We met, the four of us, on a school trip to a pig-calling contest in Flesherton, Ontario. Although none of us won, we split the "Most Promising Pig-Caller" award and met for the first time on the podium. Incidentally, the two pigs used in the contest were "Moxy" and "Fruvous."

Back at high school we became friends and, after discovering common musical and theatrical interest, began collaborating. Two of us wrote three full-length musicals for a nearby school of the arts, two formed a pop-funk combo called Tall New Buildings, and all of us acted in high school and community theatre (one of us even became a regular on a couple of ill-fated Canadian Broadcasting Company series). During all of this, we managed to maintain a thrilling, three team Caleco table-hockey league.

In 1990, while in university, we decided to come together as a foursome and busk (busk: to entertain, especially by singing, reciting or break dancing on the street, in pubs, or in subway passages) for money on the streets of Toronto-a strictly recreational project. Moxy Früvous was the obvious choice for a name, and we decided to busk a cappella so we wouldn't have to carry instruments.

We quickly learned that a strong reaction from the crowd meant more loonies in our hat, and so, driven by hunger, we drew upon our musical and theatrical backgrounds, as well as a shameless instinct for pandering, to develop a set of music that included rap, folk, soca, impromptu theatrics, comedy, political satire, bad choreography, the occasional dirge and a lot of shouting. Through all of this ran the common threads of strong four-part vocal arrangements, sparse acoustic instrumentation and irreverent and incisive lyrics. In short, we were a four-man tornado that descended onto Bloor Street every Friday, then vanished with pocketfuls of loot to plot the next week's mischief.

It didn't take long to catch the attention of someone important-attention-grabbing, was, after all, our business. In the fall of 1990 a CBC radio executive spotted us on the street and hauled us in to perform on the local drive-home show, "Later The Same Day." During this performance the CBC brass noticed our penchant for political satire and commissioned us to write what eventually added up to twenty-five satirical songs-on topics ranging from gambling in Ontario to the LA riot-for such shows as "Sunday Morning," "Morningside," and CBC-TV's "The Journal." Many of these songs made their way into our live set and, subsequently, our album.

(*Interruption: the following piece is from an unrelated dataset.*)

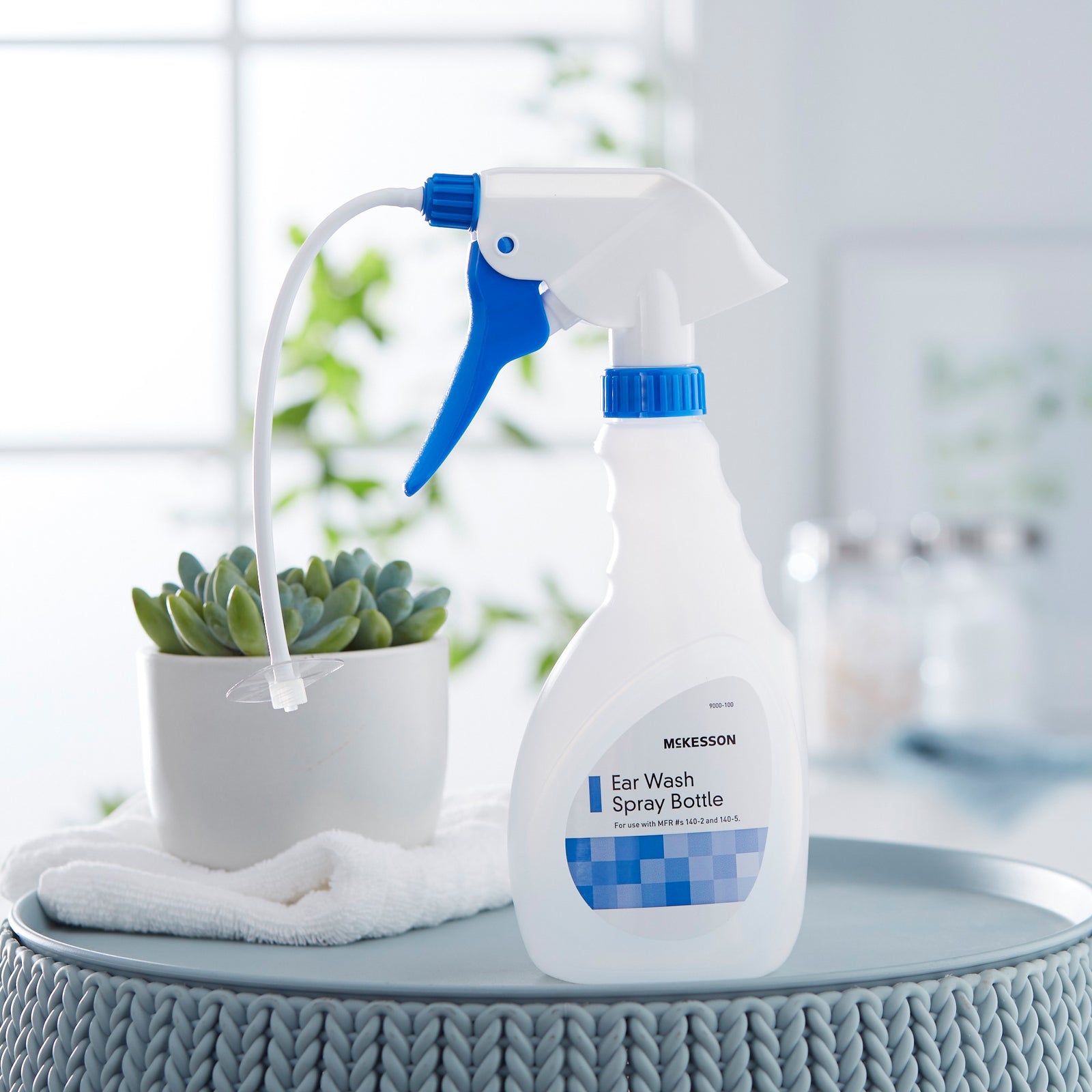 McKesson Ear Wash System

In the summer of 1991, we decided to become a real band and move indoors. Soon we were playing to our own large and obedient crowds around Toronto.

Early in 1992, we recorded and released an eponymous and independent six-song cassette, which caused a commotion in the Canadian music industry to a degree unheard of since the Martian Conflux of 4,000,000 BC. It quickly rose to the #1 position on the Canadian independent charts and stayed there for a year. By the summer of 1992, it had entered the national charts, and we were opening for the likes of Bryan Adams and Bob Dylan.

In the fall of 1992, the band won a CASBY award for Best New Central Canadian Group and embarked on a cross-Canada tour. By the time the dust had settled, the cassette had gone gold in Canada (with half of those copies being sold "from the stage"), and we signed a deal with Warner Music Canada, which include release commitments in the United States and the United Kingdom. Just thinking about that year makes us tired.

1n 1993, we finished recording our debut album at Dreamland Studio in Woodstock, New York. The album is called Bargainville, and it's being released by Atlantic in the States. We produced it ourselves because we have a lot of gumption, and because we felt that the artistic entity that is Moxy Früvous is best understood only by the four of us.

To date, such tunes as "My Baby Loves A Bunch of Authors," "King of Spain," and "Stuck in the 90s" have pushed Bargainville beyond the platinum mark in our native country. For the first time in our career, we don't have to worry about peddling albums between songs. It's the small victories that make life worth living.

So prepare yourself for the poignant, political, funny and adventurous songs of Moxy Früvous; coming of age somewhere between the baby boomers and the computer revolution, we've attempted to sum it all up with the 16 songs on Bargainville." As Hal the computer said in 2010, get ready for "something wonderful."